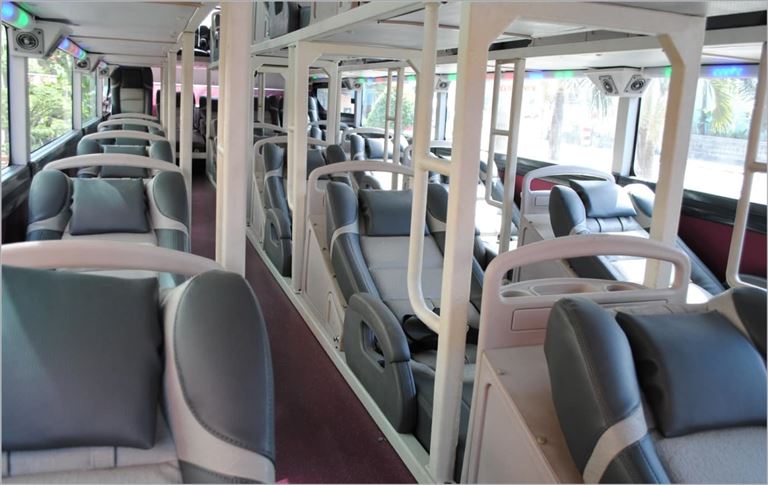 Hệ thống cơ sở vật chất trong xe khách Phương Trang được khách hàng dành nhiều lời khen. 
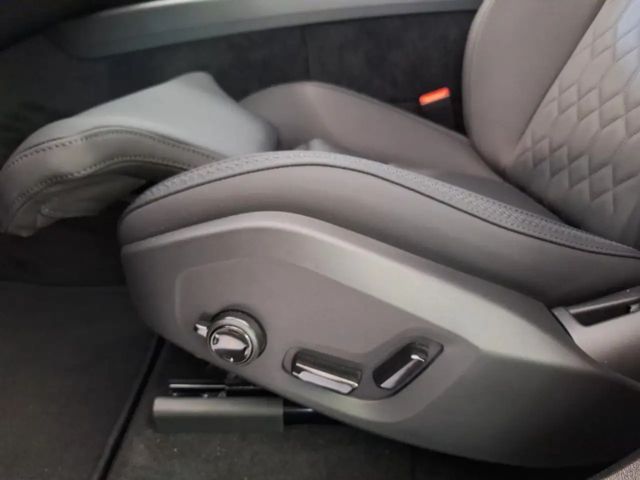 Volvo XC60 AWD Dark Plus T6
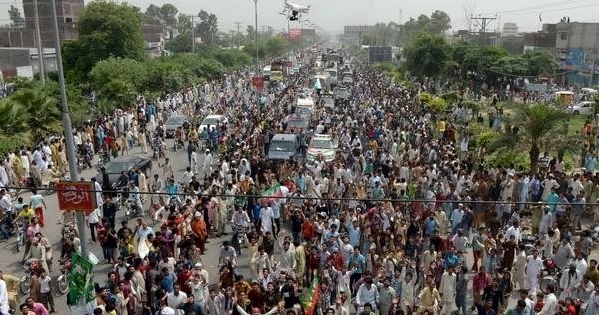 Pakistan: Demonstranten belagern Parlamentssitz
· · ·
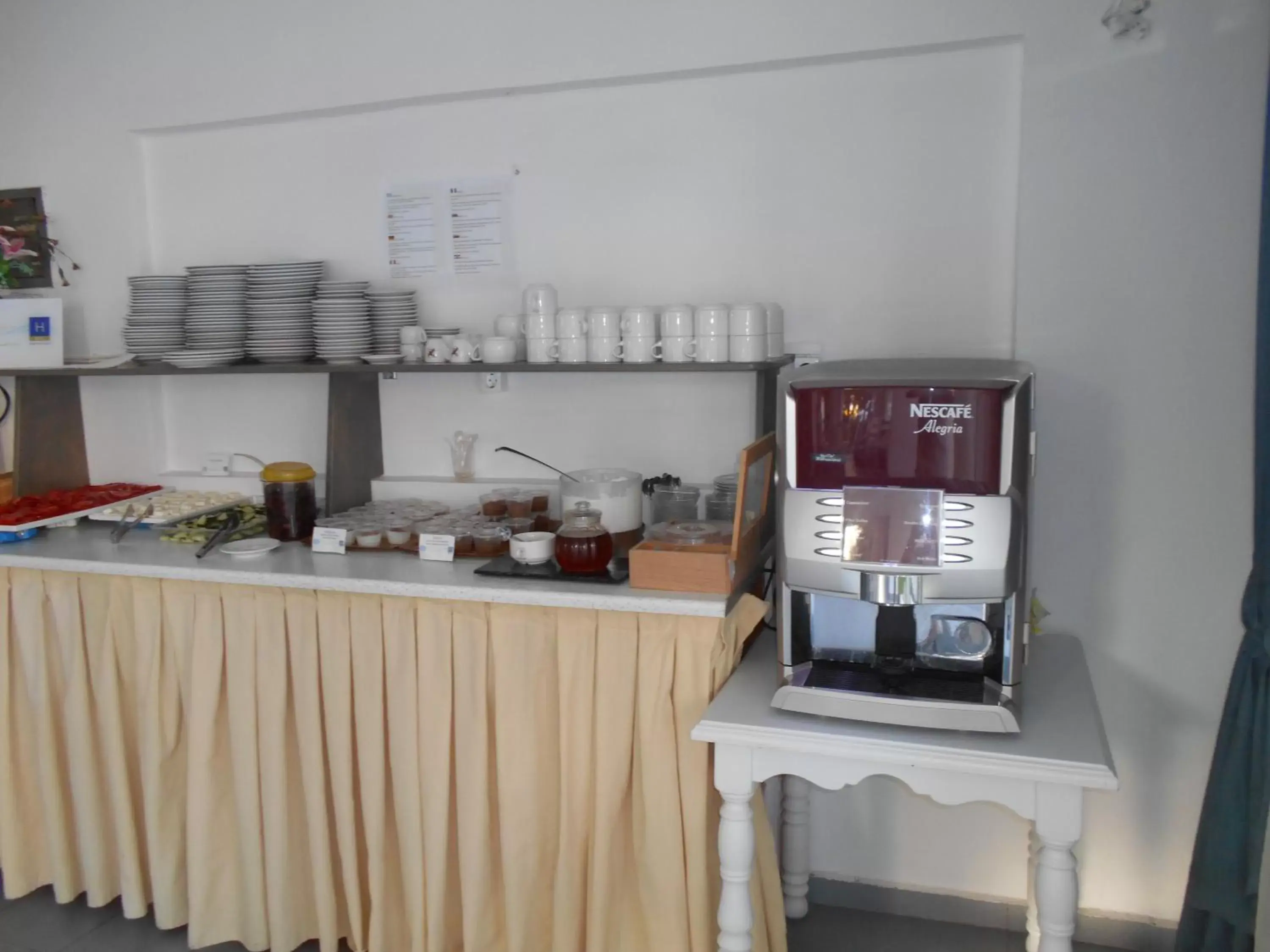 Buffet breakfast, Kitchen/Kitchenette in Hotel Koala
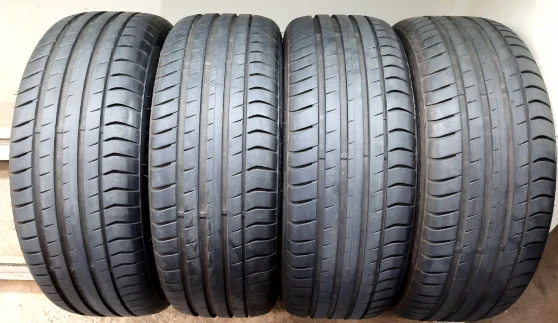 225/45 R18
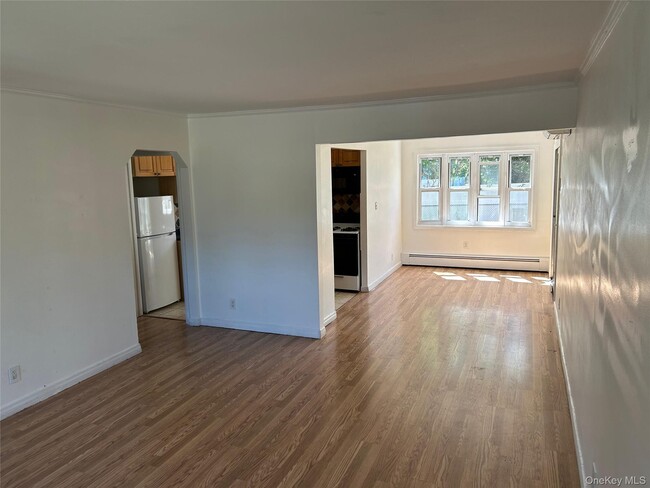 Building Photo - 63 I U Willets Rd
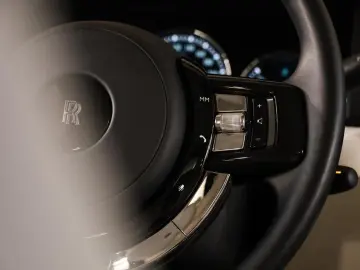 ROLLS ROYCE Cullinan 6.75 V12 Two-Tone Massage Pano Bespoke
· · ·
Your instructions » Transcribe, word for word, the lines of the listing above from the one that contains "Hệ thống cơ" through the one that contains "Pakistan: Demonstranten belagern", keeping both ends and dropping the pictures.

Task result »
 Hệ thống cơ sở vật chất trong xe khách Phương Trang được khách hàng dành nhiều lời khen. 
 Volvo XC60 AWD Dark Plus T6
 Pakistan: Demonstranten belagern Parlamentssitz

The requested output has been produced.